The amount of new loans extended on the mainland last month was lower than expected, indicating the authorities refrained from adding liquidity to spur growth despite a rapidly cooling property market that has flagged further weakness in the economy.
The lingering tightness in liquidity also reflects the regulators' efforts to rein in shadow-banking businesses to prevent systemic risks after several property trusts reportedly defaulted on their products. An approaching peak of property trust repayments is likely to test market stability, analysts say, with more than 120 billion yuan (HK$151 billion) worth of products expected to mature this month.
Remarks by President Xi Jinping during a visit to Henan province on Saturday that people should adapt to the "new normal" of economic development have been widely interpreted by observers as suggesting that Beijing remains comfortable with the pace of slowdown in economic growth.
Echoing Xi's message, People's Bank of China governor Zhou Xiaochuan told a closed-door forum at the weekend the authorities would not easily resort to massive stimulus in response to short-term fluctuations in economic data, but policy fine-tuning would continue.
Aggregate social financing fell by 12 per cent year on year to 1.55 trillion yuan last month, PBOC said on its website yesterday. Trust loans rose 41.7 billion yuan year on year, only a fifth of the increase in April last year.
New yuan loans extended by banks reached 774.7 billion yuan last month, below the 880 billion yuan expected by analysts and also lower than the 1.05 trillion yuan issued in March.
M2, a gauge of money supply, rose 13.2 per cent at the end of April, accelerating from 12.1 per cent growth in March but slower than the 16.1 per cent growth in April last year.
"In the face of calls for stimulus, China's government appears comfortable with a continued slowdown in credit growth," said Mark Williams, chief Asia economist with London-based Capital Economics.

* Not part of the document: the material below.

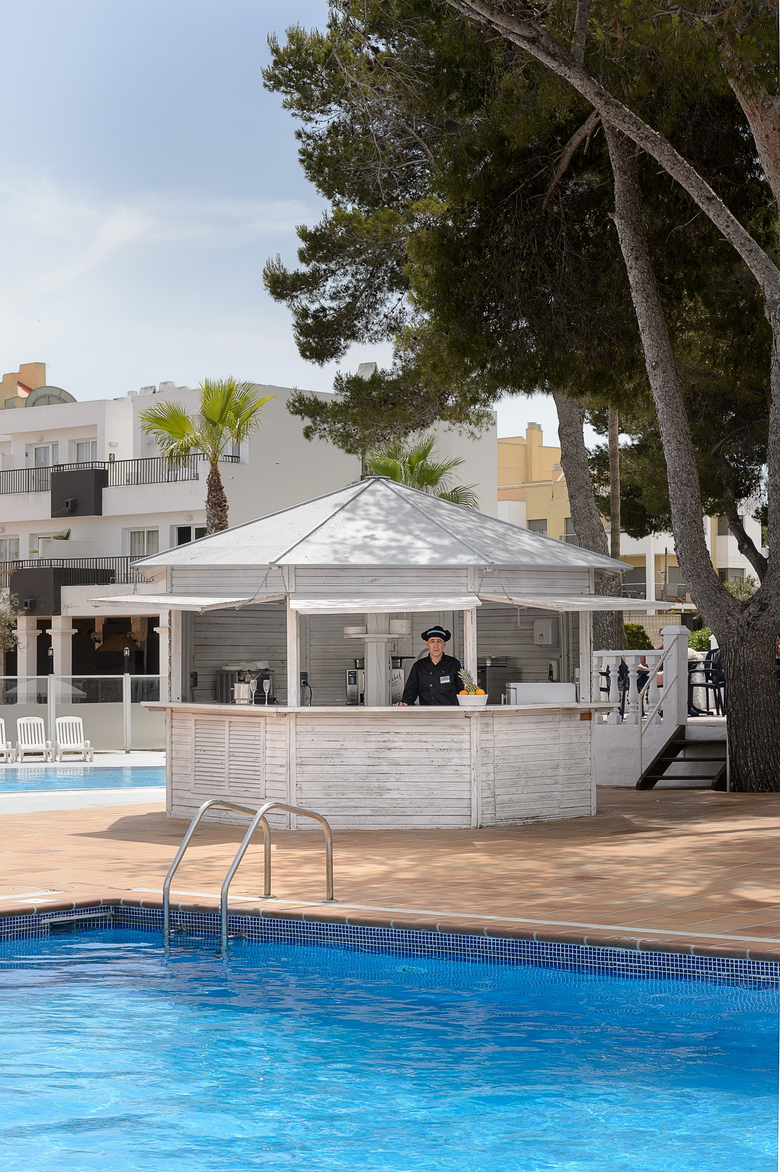 Vibra Riviera Apartamentos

Some analysts have warned that the mainland's gross domestic product growth risks slowing further, after easing to 7.4 per cent in the first quarter from 7.7 per cent in the fourth quarter of last year, if the government does not pump in liquidity in a timely manner to help companies, including property developers.
The real estate market has been cooling fast in the past few months, thanks to curbs on home sales and bank lending implemented by regulators in response to property bubbles. Land sales and home transactions fell in some cities while some developers are near bankruptcy.
China Vanke, the mainland's largest developer by sales, reported a 5 per cent drop in net profit - its first in more than a decade - in the first quarter.
Barclays Capital said the government was likely to tolerate further correction and "bad news" in the property market, but that it could announce more supportive measures including broad-based easing if house-price declines reach about 10 per cent.